3D printers building functional parts in plastic share a characteristic in common. Chicago-area inventor Robert Swartz would argue that they share a limitation in common. That is, these machines require material to be forced through a head, and from there layered onto the part. The head, and the need to apply material this way, affects what materials can be used and therefore constrains the range of material properties that can be achieved. Swartz has a different idea.
His company, Impossible Objects, was founded to develop a process he calls “composites-based additive manufacturing,” or CBAM. In this process, thermoplastic material is used, but it is not applied through a moving head. The process recently manufactured a carbon fiber component for an unmanned aircraft that successfully replaced a part prone to breaking when the aircraft landed.
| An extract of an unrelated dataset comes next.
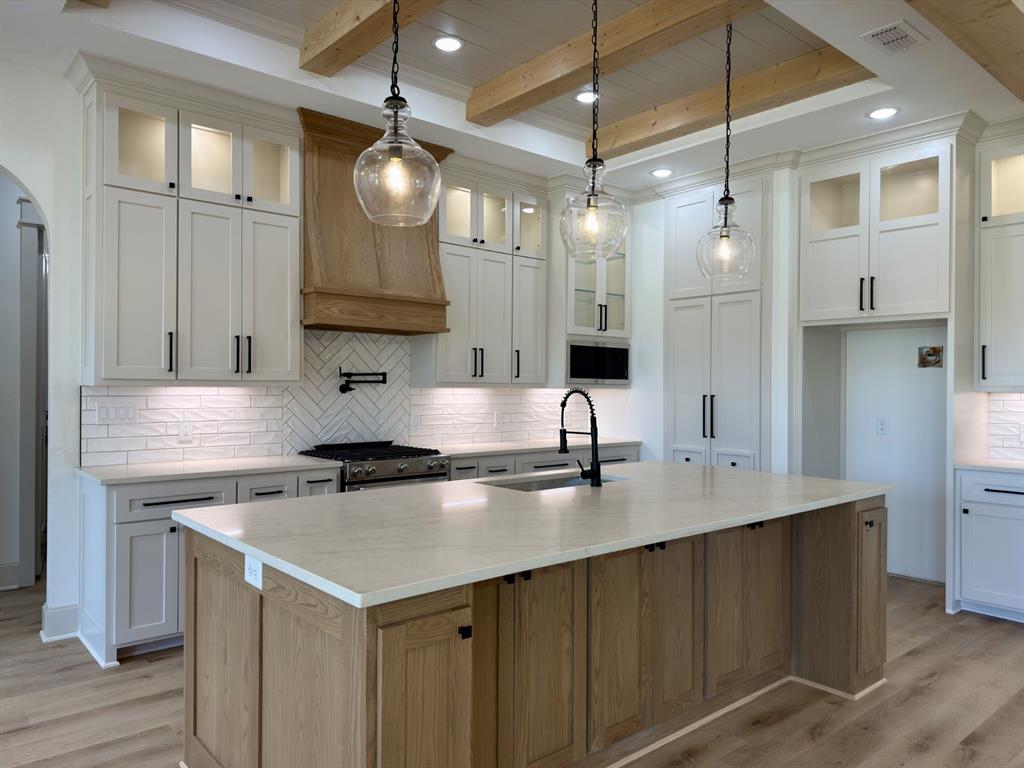 17038 Woodcrest Circle Property Photo 8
CBAM builds carbon fiber parts by stacking sheets of the material. It can also build parts out of Kevlar, or any engineered material obtainable in sheets. Each successive sheet gets a fluid applied to it in a precise profile generated from the cross-sectional layer of the CAD model. Only this step involves a digitally controlled moving head. The fluid, a noncritical ingredient, temporarily holds in place a thermoplastic, which is applied onto the wet silhouette in a powder. Successive sheets with plastic powder adhering to the part profiles in this way are stacked until the layers are complete. The entire stack is heated so the plastic melts between layers, and mechanically compressed to bond the sheets and plastic together. Then, after the part solidifies, the unbonded sheet material around it is removed by bead blasting. The result, says Swartz, is a workpiece that is up to 10 times stronger than what plastic 3D printing can achieve—produced without any precision-controlled deposition or cutting in order to apply or shape the material. (See video of the process on the company's site.)
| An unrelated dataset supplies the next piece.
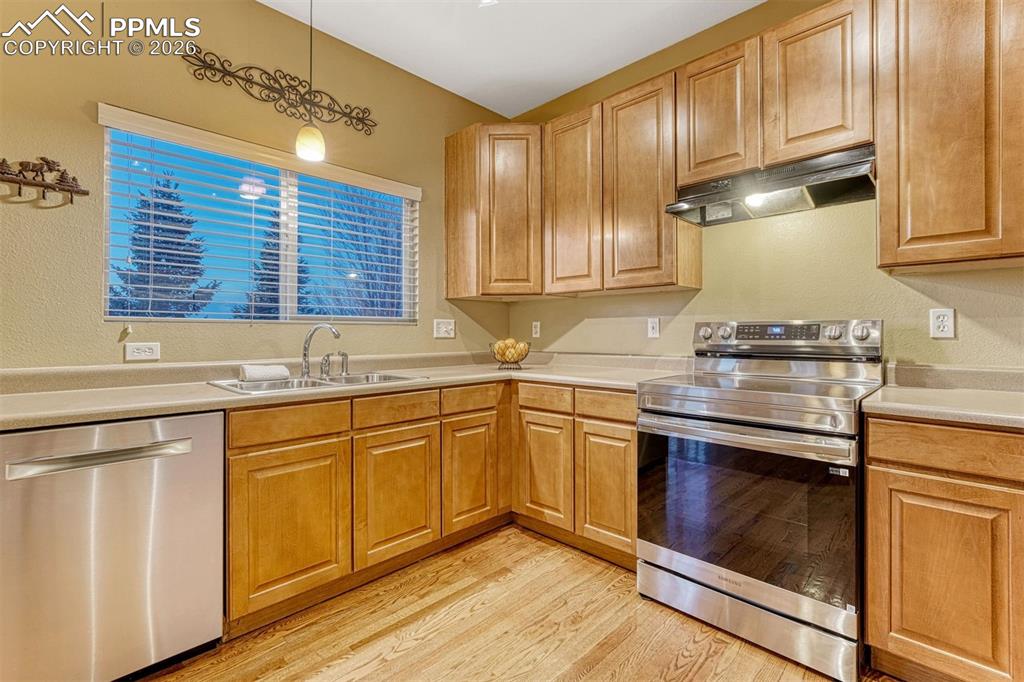 Image 27 of 46: Stainless steel appliances and oven/range has air-fryer, convection, and ro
The process is currently being applied manually. Impossible Objects is functioning as a service bureau today, supplying functional CBAM parts to end users. But the ultimate aim is to produce a commercial, sheet-fed CBAM machine, says company CEO Lawrence Kaplan. It’s too early to announce when that machine will be available, he says, but the project is actively underway. In addition, components for automating the process will be introduced into the current service business as they are developed.
Yet even for now, the manual process—in which employees place sheets by hand on a gantry machine that applies the fluid, and manually dust these sheets with powder—is not as ponderous as it might sound. A batch of several 3D-printed parts covering the area of an 18-inch square of sheet material could be produced through this manual process in 6 to 8 hours. Thus, the lead time of this process is already competitive with conventional 3D printing. It’s just the labor requirement that has to be improved.
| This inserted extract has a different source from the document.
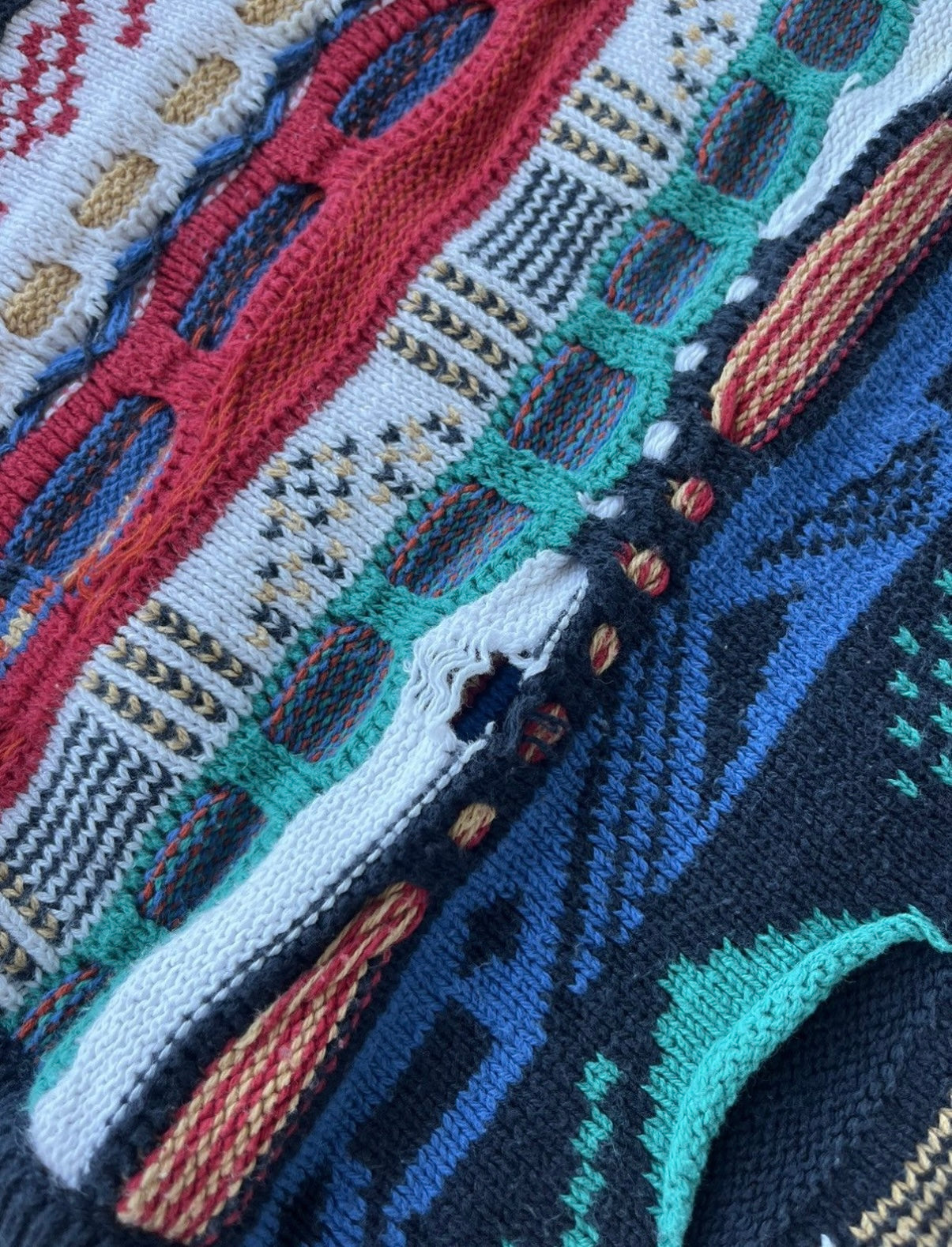 90’s Coogi Style Sweater [XL]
The company’s success in manufacturing for an unmanned aircraft involved a component that sees high stresses during landing. CBAM delivered a part resilient enough to withstand the required duty, and the part is now flying on several planes. Mr. Swartz says this is an example of the right kind of application for the process—a functional part for which the strength and material properties matter. Unlike many 3D printing processes, this process is not directed toward design models, except where those models themselves are functional.
An example of this is wind-tunnel models, which is another application for which CBAM is being used. 3D printing often can’t produce effective wind-tunnel models, because the force of the testing can break or deform these parts. Instead, manufacturers invest in production tooling to create wind tunnel models that are very near to production components. But as an alternative, a truck maker recently used CBAM to quickly produce various iterations of a blower fan that, in carbon fiber, were strong enough to hold up to the testing.
Larger ovens and larger presses will eventually let Impossible Objects scale beyond its current maximum part size, which is about 9 inches diameter by 4 inches high. One promising application for a scaled-up version of this process is the subject of a collaborative research and development agreement with Oak Ridge National Laboratory. The company says Oak Ridge is exploring the use of CBAM to make tooling for composite lay-up structures. Today, tooling for composites is often made from Invar, a metal alloy that is challenging to machine, but used because it has the same low coefficient of thermal expansion as carbon fiber composite. Invar allows the tooling to follow the part in and out of the oven. However, if the tooling itself was made from the same carbon fiber as the part, then this tool obviously would also have the same low coefficient of expansion. Therefore, with CBAM, a tool demanding difficult machining could be replaced with a tool requiring not only no machining, but also no critical machine movement at all in applying this tool’s composite material.